In ways big and small, gratitude for what we have finds expression in various ways. At St. Francis this past week at the meeting of Inland Congregations United for Change, we organized to get “know your rights” cards out to families in our area. A small thing, but it sends a loud and clear message to our immigrant neighbors, we have your back. You belong. This is your America. “Live long and prosper.”
I’ve found that those immigrant families generally show much more gratitude for their new life in America than most of us who are native-born. We take so much for granted.
And while some of us are a little embarrassed by all the flag waving, stop and think what that flag means to those new arrivals – a new life of opportunity, an education for their children, a decent job. Yes, a whole new life.
Sure, it’s messy. We don’t always live up to that promise. Just like love in real life, in a time of pestilence, is often messy. Or as one of my married friends says of her marriage, “It’s complicated.” That’s the given. And that’s the glory.
This past September 15th, we noted the anniversary of the 1963 bombing of the 16th Street Baptist Church in Bermingham, Alabama. By that Sunday night, Dr. Martin Luther King had arrived by air.
Following that outrage, Dr. King urged his hearers in his eulogy for three of those innocent girls killed in that savage bombing – he urged them to hear what those girls had to say to the rest of us in their deaths. In part, this is what King urged:
“They say to each of us, black and white alike, that we must substitute courage for caution. They say to us that we must be concerned not merely about who murdered them, but about the system, the way of life, the philosophy which produced the murderers. Their death says to us that we must work passionately and unrelentingly for the realization of the American dream.”
In gratitude, that is the ongoing work we the living are privileged to continue. All “to the Glory of God and our neighbor’s good.” Amen.

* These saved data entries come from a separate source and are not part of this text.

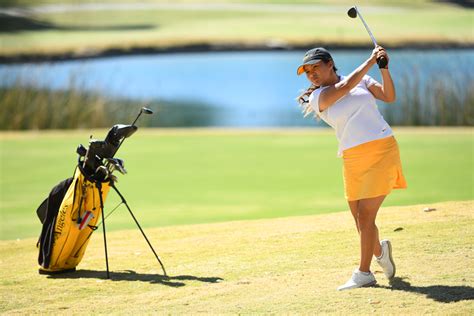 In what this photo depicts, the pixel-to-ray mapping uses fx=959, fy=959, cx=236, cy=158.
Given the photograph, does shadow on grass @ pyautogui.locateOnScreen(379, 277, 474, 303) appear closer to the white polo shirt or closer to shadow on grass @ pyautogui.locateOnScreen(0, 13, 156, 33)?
the white polo shirt

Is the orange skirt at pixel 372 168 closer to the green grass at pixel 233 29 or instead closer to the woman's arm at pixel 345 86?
the woman's arm at pixel 345 86

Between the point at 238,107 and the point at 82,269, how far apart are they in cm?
1719

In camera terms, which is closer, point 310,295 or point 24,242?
point 310,295

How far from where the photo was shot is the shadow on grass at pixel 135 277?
17.4 ft

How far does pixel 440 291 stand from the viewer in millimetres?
4656

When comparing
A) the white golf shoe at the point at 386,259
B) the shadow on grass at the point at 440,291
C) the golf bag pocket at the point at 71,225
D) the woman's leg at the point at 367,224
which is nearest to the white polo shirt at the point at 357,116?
the woman's leg at the point at 367,224

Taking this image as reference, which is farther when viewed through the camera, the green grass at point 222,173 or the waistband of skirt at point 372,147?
the green grass at point 222,173

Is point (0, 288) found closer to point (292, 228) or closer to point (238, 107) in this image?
point (292, 228)

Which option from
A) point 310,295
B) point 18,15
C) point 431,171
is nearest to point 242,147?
point 431,171

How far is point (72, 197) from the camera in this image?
5.67m

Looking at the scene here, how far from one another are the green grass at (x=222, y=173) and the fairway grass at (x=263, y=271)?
121cm

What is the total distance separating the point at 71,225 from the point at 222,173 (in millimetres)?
4730

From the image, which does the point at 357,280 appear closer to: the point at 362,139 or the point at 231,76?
the point at 362,139

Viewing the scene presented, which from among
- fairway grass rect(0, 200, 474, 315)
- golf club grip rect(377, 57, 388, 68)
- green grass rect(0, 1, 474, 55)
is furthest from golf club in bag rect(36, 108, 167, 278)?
green grass rect(0, 1, 474, 55)
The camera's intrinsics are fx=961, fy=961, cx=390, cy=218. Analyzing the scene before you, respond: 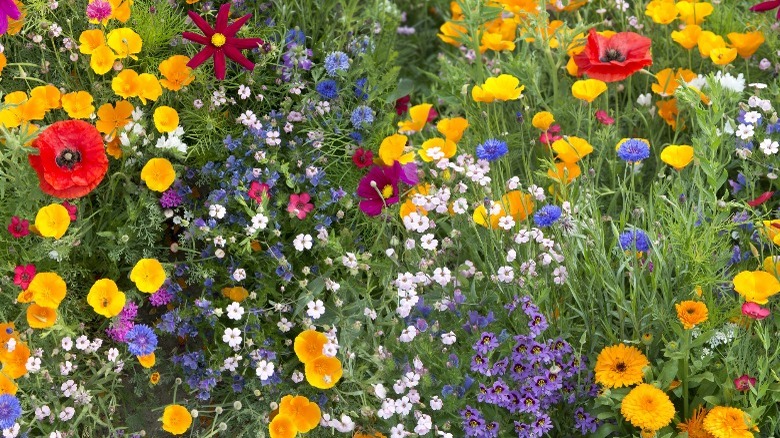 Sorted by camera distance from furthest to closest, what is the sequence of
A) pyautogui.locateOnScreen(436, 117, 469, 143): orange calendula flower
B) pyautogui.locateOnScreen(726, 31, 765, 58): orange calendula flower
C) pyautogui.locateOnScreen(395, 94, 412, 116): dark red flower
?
1. pyautogui.locateOnScreen(395, 94, 412, 116): dark red flower
2. pyautogui.locateOnScreen(726, 31, 765, 58): orange calendula flower
3. pyautogui.locateOnScreen(436, 117, 469, 143): orange calendula flower

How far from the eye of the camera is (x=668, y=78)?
9.00 ft

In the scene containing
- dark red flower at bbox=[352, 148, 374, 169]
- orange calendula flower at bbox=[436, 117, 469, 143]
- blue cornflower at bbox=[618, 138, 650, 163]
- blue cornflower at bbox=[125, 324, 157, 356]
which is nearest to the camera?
blue cornflower at bbox=[125, 324, 157, 356]

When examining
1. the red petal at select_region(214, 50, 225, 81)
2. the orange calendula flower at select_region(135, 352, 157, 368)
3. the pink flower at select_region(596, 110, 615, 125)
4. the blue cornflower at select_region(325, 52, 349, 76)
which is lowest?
the orange calendula flower at select_region(135, 352, 157, 368)

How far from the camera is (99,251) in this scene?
2.43 m

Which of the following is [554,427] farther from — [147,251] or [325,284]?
[147,251]

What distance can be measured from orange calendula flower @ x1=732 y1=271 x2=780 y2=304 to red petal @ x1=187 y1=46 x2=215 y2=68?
52.3 inches

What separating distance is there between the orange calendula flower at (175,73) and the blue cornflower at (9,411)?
0.84m

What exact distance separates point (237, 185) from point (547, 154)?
2.98 feet

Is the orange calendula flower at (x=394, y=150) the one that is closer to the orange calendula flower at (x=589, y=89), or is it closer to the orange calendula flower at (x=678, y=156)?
the orange calendula flower at (x=589, y=89)

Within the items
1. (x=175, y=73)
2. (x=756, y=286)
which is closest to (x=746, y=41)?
(x=756, y=286)

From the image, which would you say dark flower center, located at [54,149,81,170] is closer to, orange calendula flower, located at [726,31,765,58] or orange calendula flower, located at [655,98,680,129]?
orange calendula flower, located at [655,98,680,129]

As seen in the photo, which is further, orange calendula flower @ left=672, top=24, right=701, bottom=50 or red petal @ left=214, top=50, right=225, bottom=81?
orange calendula flower @ left=672, top=24, right=701, bottom=50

[1] Gabriel García Márquez, Love in a Time of Cholera (New York: Vintage Books, 1988)
[2] Op. cit., 340.
[3] Mary Norkol, “After military-style raid on South Shore, apartments, Congressmembers rally around residents,” Chicago Sun Times, October 6, 2025.
[4] Ibid.
[5] ACLU Magazine, Fall 2025.
October 12, 2025
Pentecost 18, Proper 23 – Jon Braveroff Memorial BBQ
2 Kings 5:1-3, 7-15c Psalm 111;
2 Timothy 2:8-15; Luke 17:11-19
“Love in A Leprous Time”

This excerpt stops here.